Personal information
- Full name: Courtney Keith Kruger
- Born: 18 February 1988 (age 38) South Africa
- Batting: Right-handed
- Role: Batsman

International information
- National side: Hong Kong;
- ODI debut: 24 June 2008 v Pakistan
- Last ODI: 25 June 2008 v India

Career statistics
| Competition | ODI | LA | T20 |
| Matches | 2 | 9 | 9 |
| Runs scored | 3 | 44 | 36 |
| Batting average | 1.50 | 4.88 | 6.00 |
| 100s/50s | 0/0 | 0/0 | 0/0 |
| Top score | 3 | 18 | 20 |
| Catches/stumpings | 0/– | 2/– | 0/– |
- Source: CricketArchive, 01 February 2014

= Courtney Kruger =

South African-born batsman (born 1988)

Courtney Keith Kruger (born 18 February 1988) is a South African-born batsman who has played two One Day Internationals for Hong Kong.

Kruger made his One Day International debut in the 2008 Asia Cup, playing in Hong Kong's games against Pakistan and India, but scored just 0 and 3.

==Cricket career==
Courtney Kruger made his Hong Kong debut in 2004, aged sixteen, after finding moderate success in the ACC Fast Track Tournament, playing only one of Hong Kong's matches as they finished second behind the United Arab Emirates. He had to wait almost two years for his next cap, which came to him in the 2006 Trophy, where he played in all of Hong Kong's matches in their run to the final, earning Hong Kong their second Asia Cup appearance. Kruger himself had little impact with the team but he was being talked about as a leadership prospect already.

His World Cricket League debut came in the 2007 Division Three tournament in the north of Australia.
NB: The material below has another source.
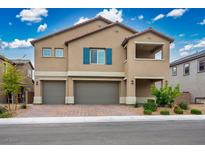 Charming two-story home featuring a 3-car garage, brick paver driveway, desert landscaping and an open air covered balcony at 3909 Grazing Gazelle Ave, North Las Vegas, NV 89084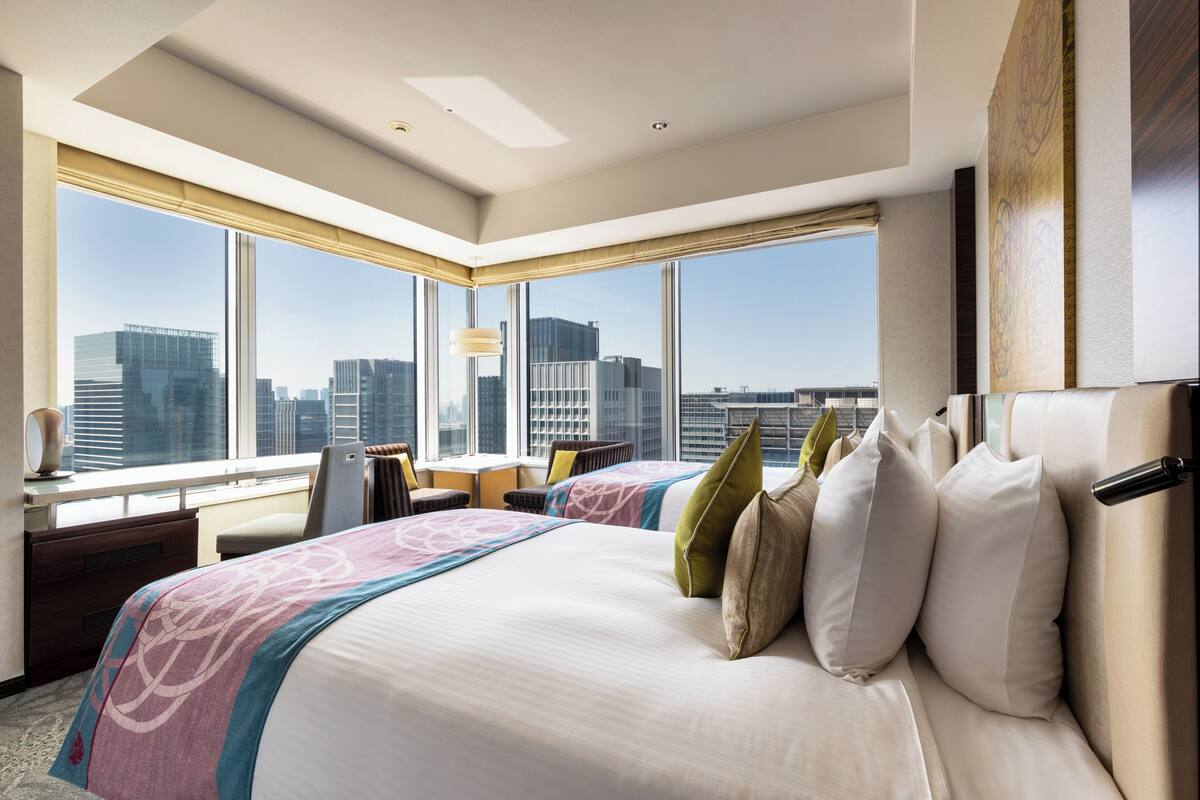 A hotel room with a large bed, two bedside tables, a desk, and a chair. There are large windows offering a city view.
He scored his first, and so far only, international half-century against Italy in Darwin, anchoring his team's winning total of 195. In the next edition of Division Three, 2011, Kruger began to realise his potential with a brace of 40s against Oman and Denmark in victories that contributed to their promotion to Division Two, which carried List A status.
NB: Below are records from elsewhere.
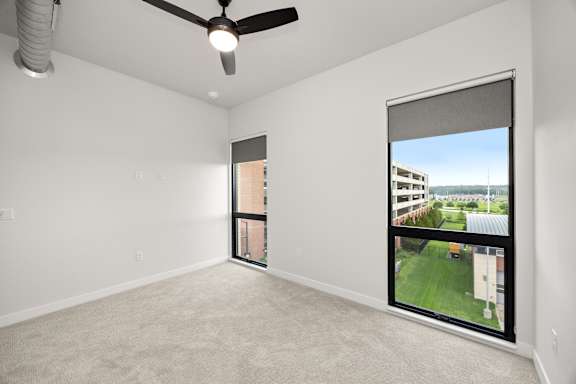 A room with a ceiling fan and a large window with a view of the outside.
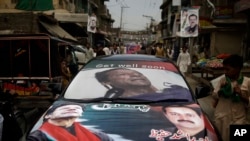 Pakistani supporters of former cricket star-turned-politician, and leader of Pakistan Tehreek-e-Insaf party, Imran Khan, ride a car decorated with his Khan's pictures, near a polling station in Rawalpindi, Pakistan, May 11, 2013.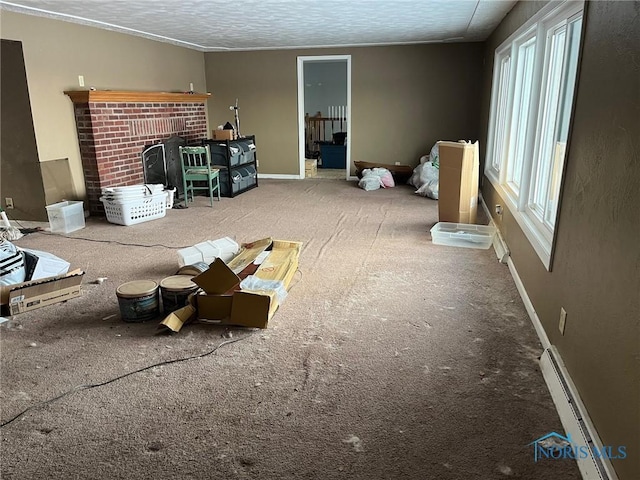 unfurnished living room featuring carpet floors, baseboard heating, a brick fireplace, a textured ceiling, and baseboards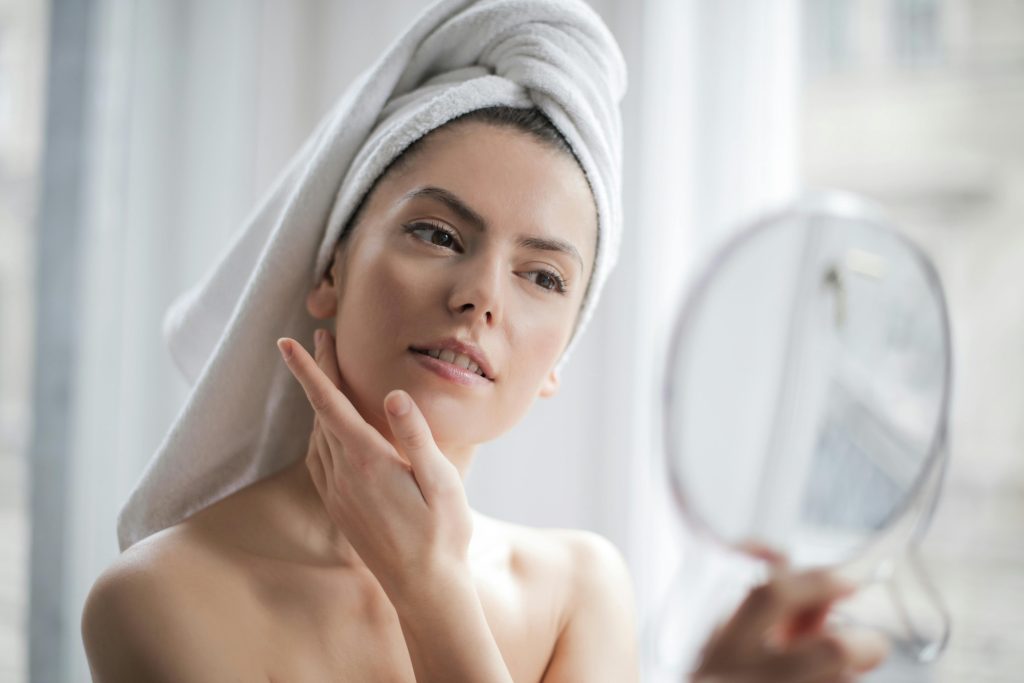 a woman looking in the mirror at her perfect skin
In his Hong Kong career, Kruger has represented his country in 54 internationals, as well as seven non-internationals against historic English club sides, and the Sri Lanka colts. He has a total of 466 international runs, with a highest score of 50 against Italy in 2007.

As well as full internationals, Kruger was also a regular in the Hong Kong Under-17 and Under-19 teams. He made his Under-19 debut before representing the Under-17s and was only fifteen years of age at the time. He was a part of the same group of players that contained Hong Kong mainstays Irfan Ahmed, Nadeem Ahmed and Jamie Atkinson, a golden generation of Hong Kong home-grown talent.

==Illness==
In November 2007, Kruger was travelling home from representing Hong Kong at the ACC Twenty20 when he complained of debilitating headaches. When he returned to Hong Kong, doctors discovered an abscess in his brain. To relieve the pressure, half of Kruger's skull had to be removed for three months; he was bedridden for six. He recovered to make his ODI debut against Pakistan in June 2008.